When I boot my laptop my power policy is pretty normal:
~> cpupower frequency-info
analyzing CPU 4:
driver: intel_pstate
CPUs which run at the same hardware frequency: 4
CPUs which need to have their frequency coordinated by software: 4
energy performance preference: balance_power
hardware limits: 400 MHz - 3.70 GHz
available cpufreq governors: performance powersave
current policy: frequency should be within 400 MHz and 3.70 GHz.

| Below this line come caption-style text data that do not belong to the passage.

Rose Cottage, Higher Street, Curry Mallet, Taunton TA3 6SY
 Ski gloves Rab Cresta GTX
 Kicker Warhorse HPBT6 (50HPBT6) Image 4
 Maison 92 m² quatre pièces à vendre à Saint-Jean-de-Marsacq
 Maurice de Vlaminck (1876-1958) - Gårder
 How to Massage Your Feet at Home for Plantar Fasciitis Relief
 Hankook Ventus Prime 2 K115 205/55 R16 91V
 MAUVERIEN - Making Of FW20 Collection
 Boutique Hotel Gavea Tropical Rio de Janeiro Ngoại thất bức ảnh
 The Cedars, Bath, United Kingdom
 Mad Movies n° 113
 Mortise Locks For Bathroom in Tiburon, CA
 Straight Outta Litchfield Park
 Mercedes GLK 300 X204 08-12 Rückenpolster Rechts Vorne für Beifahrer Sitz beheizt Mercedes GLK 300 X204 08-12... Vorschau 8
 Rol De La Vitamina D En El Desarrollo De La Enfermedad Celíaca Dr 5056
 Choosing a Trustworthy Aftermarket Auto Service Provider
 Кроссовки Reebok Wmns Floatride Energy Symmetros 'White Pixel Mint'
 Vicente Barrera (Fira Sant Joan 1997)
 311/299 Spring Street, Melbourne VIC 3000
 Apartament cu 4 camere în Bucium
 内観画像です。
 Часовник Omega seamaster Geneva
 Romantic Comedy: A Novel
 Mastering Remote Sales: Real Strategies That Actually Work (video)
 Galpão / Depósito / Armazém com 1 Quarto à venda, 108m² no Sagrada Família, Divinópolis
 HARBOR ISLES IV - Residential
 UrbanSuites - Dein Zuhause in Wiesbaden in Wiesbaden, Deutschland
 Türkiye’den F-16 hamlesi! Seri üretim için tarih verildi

The governor "powersave" may decide which speed to use
within this range.
current CPU frequency: 1.90 GHz (asserted by call to kernel)
boost state support:
Supported: yes
Active: yes
However for some unknown reasons, usually after several hours after boot, the policy might be capped to 400MHz to 400MHz. Notice how the performance preference did not change:
analyzing CPU 6:
driver: intel_pstate
CPUs which run at the same hardware frequency: 6
CPUs which need to have their frequency coordinated by software: 6
energy performance preference: balance_power
hardware limits: 400 MHz - 3.70 GHz
available cpufreq governors: performance powersave
current policy: frequency should be within 400 MHz and 400 MHz.
The governor "powersave" may decide which speed to use
within this range.
current CPU frequency: 400 MHz (asserted by call to kernel)
boost state support:
Supported: yes
Active: yes
Which renders my laptop pretty sluggish. I’ve never tweaked tuned
except happily dragging the “Power Profile” slider in KDE Energy Widget nor did I install any more power-related packages. How can I stop this?